- Episode no.: Series 1 Episode 6
- Directed by: Lewis Arnold
- Written by: Jonathan Brackley and Sam Vincent
- Original air date: 19 July 2015

Episode chronology
| ← Previous "Episode 5" | Next → "Episode 7" |

= Episode 6 (Humans series 1) =

"Episode 6" is the sixth episode of the first series of Humans, a show based on Real Humans and co-produced by Channel 4 and AMC. It aired in the UK on 19 July 2015, and was watched by 3.926 million viewers; it aired on 2 August 2015 in the US to 1.03 million households. The episode received positive reviews.

==Plot==
Edwin tells Fred he has found out about the program David left in the group of conscious synths; Fred escapes. Niska is hiding out at George's with a broken Odi. Laura reveals to Mattie that Tom is not someone she is having an affair with, but her late younger brother whose fatal childhood accident was blamed on her by her mother.
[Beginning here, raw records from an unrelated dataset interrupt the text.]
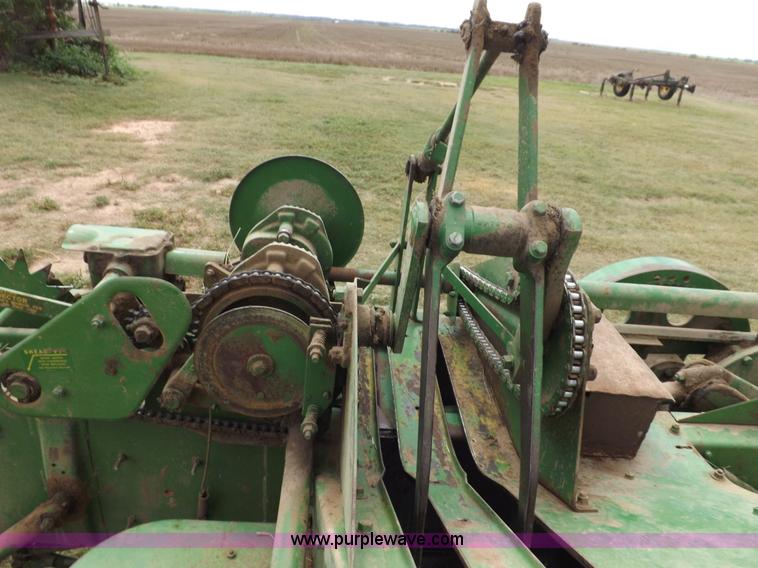 image for item H9178 John Deere 24T square baler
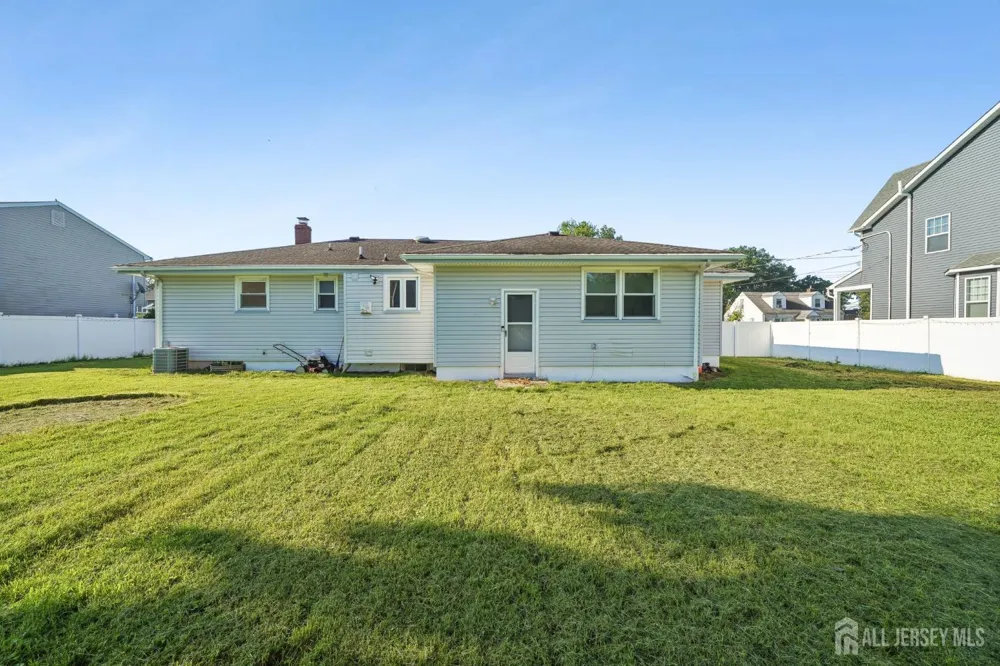 125 Cedar Street Colonia, NJ 07067
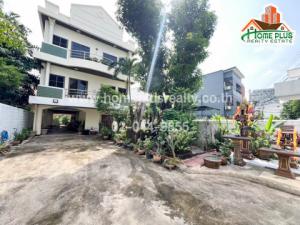 Land with 3-storey detached house, Soi Lat Phrao 1 (next to Union Mall Lat Phrao), area 116 square wah, good location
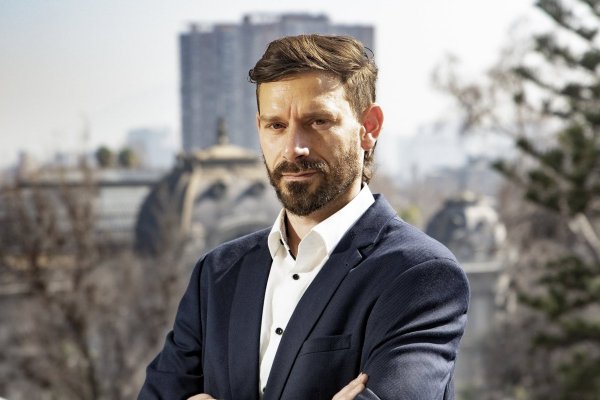 <p>Gran Turno teatro, el espectáculo de periodismo performático que preparan Matías Meza-Lopehandía y Nicolás Copano</p>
Jill and Simon's relationship turns sexual (although this scene was not broadcast on AMC). Pete and Karen have sex, too, after which Karen reveals to Pete she is really a synth and he runs away. On their way, Anita lets out a huge gasp for breath causing Laura to veer off course. Mia briefly gains consciousness again and gives Mattie a hint how to recover her from Anita. She tells Laura that she too lost somebody important to her; her adopted son, before Anita regains full control, causing Mia's personality to become dormant again. Mattie finds Leo who reveals his past: Mia, the first ever synth built, was created by David as Leo's nanny and adopted mother when Leo's real mother fell mentally-ill and was sectioned. Then David created three more synths, Max, Fred, and Niska. At age 12, when Leo's mother escaped from the ward and drowned them both, Mia rescued him too late from the lake. David brought him back to life by adding synth technology to his brain and body. Eventually, David chased all of them away and committed suicide. Joe reconciles with Laura when Leo and Max arrive with the Hawkins children. Leo is able to restore Mia and then leaves with Max to meet Fred, but Joe calls authorities on them. Cornered by Edwin and police, Max, low on power, sacrifices himself to help Leo escape.

==Reception==
===Ratings===
Airing in the UK on 19 July 2015, the episode received 3.926 million viewers on Channel 4 and 0.387 million viewers on its timeshift service. It was the most watched programme on Channel 4 that week, and the second-most watched on Channel 4 +1. In the US on 2 August 2015, the episode was viewed by 1.03 million households.

===Reviews===
Brandon Nowalk of The A.V. Club gave the episode an A−, describing the "tragedy of the Elster kids" as the "real heart of the episode"; Nowalk "teared up" when Leo brought Mia to the surface, saying that it was "an exciting payoff to a story that hasn't been that compelling until this episode". Matt Fowler of IGN rated the episode 8.4 out of 10 and opined that it was "the best episode of Humans to date". Fowler complimented the episode's "staggering amount of answers" and the "sad, pivotal death" of Max; however, he criticised Joe, who he claimed had gone from "complicated to cliche", and Toby, who was described as a "shaky character". Paul Dailly of TV Fanatic said that Humans "is really playing with our emotions", called Joe a "complete idiot" and said Max was "a really interesting character". Neela Debnath of Express wrote "Episode six moves away from being a psychological thriller and a debate about artificial intelligence becomes more of a human drama" and described Max's bridge scene as an "unexpected tear-jerker", "devastating" and "nothing less than upsetting", as Max was "the only likeable character". Kyle Fowle of Entertainment Weekly said that the reunion of Mia, Leo and Max was "genuinely touching" and that Max sacrificing himself was "a beautiful moment". Hannah Verdier of The Guardian said "there are plenty of [shocks] this week", describing Anita's change of persona as "skillful and chilling".